§ **Recorded data**

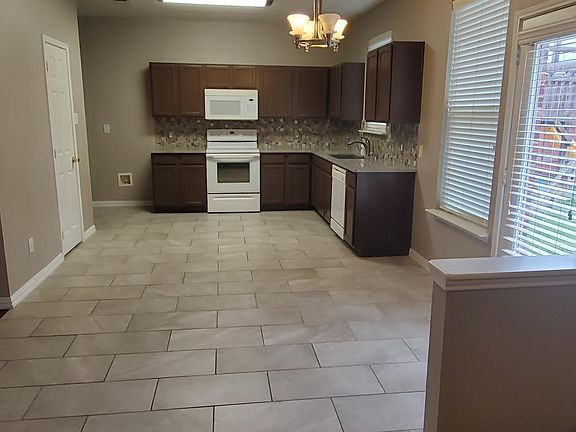 3rd image of 437 Deer Park Dr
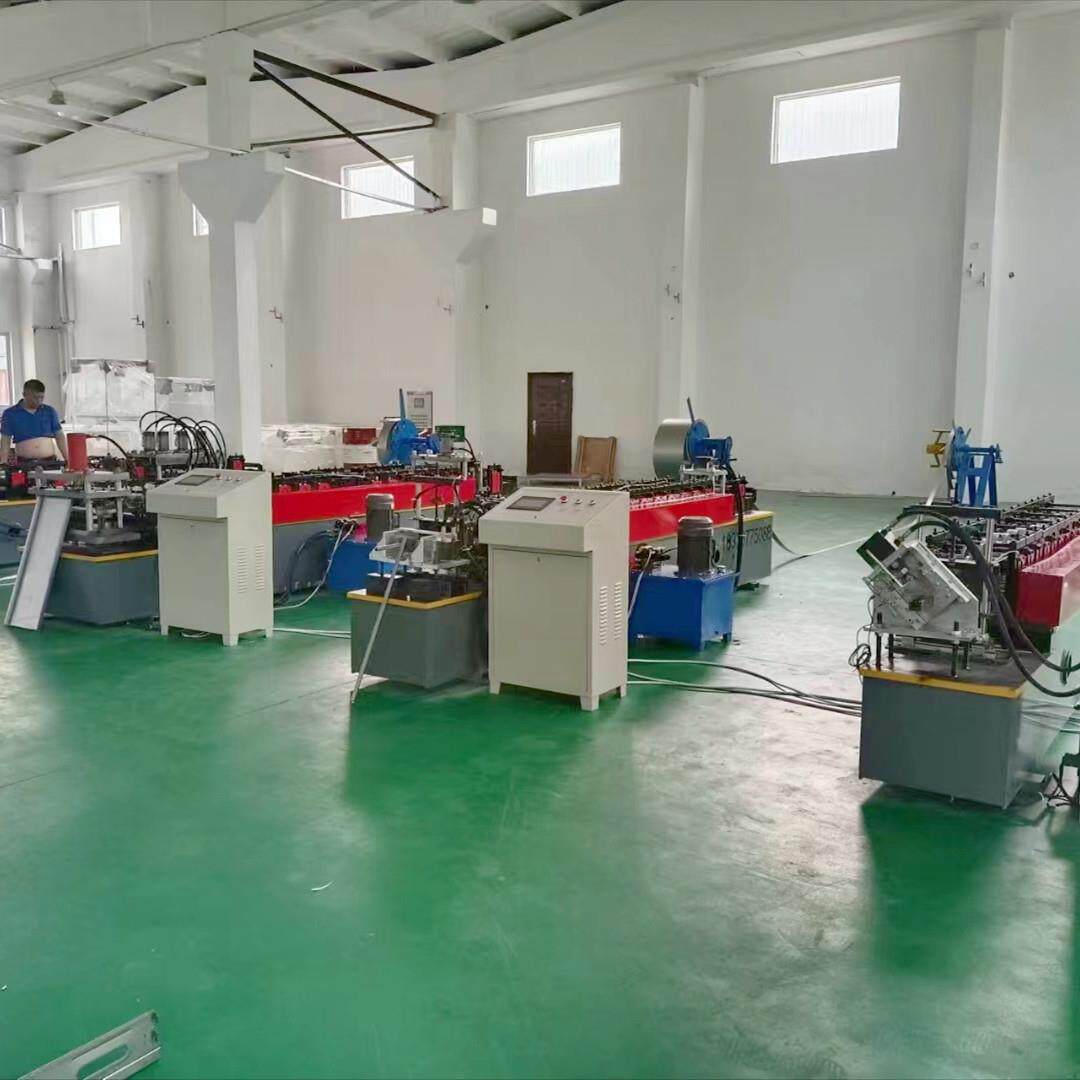 轻钢龙骨机械设备集成装修吊顶龙骨生产机器龙骨压瓦机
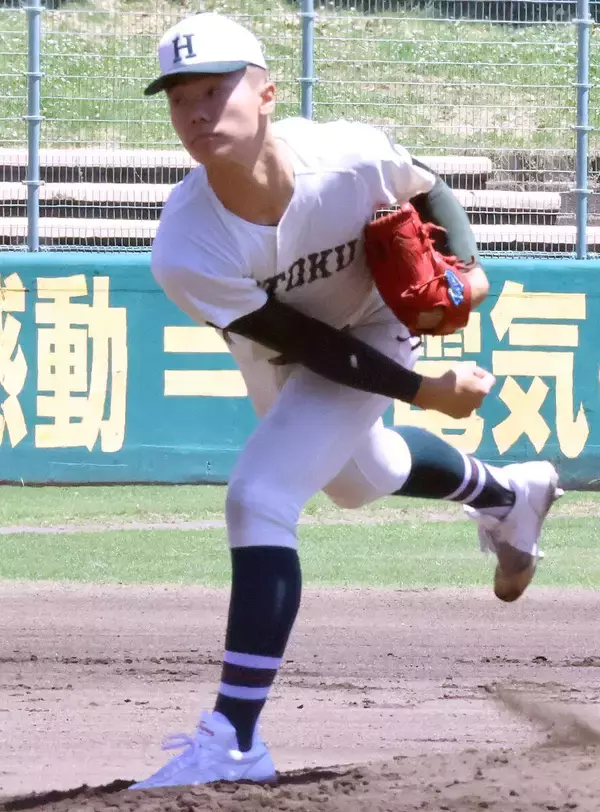 【高校野球】「思っている通りに投げられました」報徳学園・谷口哲聖が６回途中無失点　大角監督に誕生日星贈った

§ **Assignment**
Restate the full listing word for word, excluding images.

§ **Response to the task**
 3rd image of 437 Deer Park Dr
 轻钢龙骨机械设备集成装修吊顶龙骨生产机器龙骨压瓦机
 【高校野球】「思っている通りに投げられました」報徳学園・谷口哲聖が６回途中無失点　大角監督に誕生日星贈った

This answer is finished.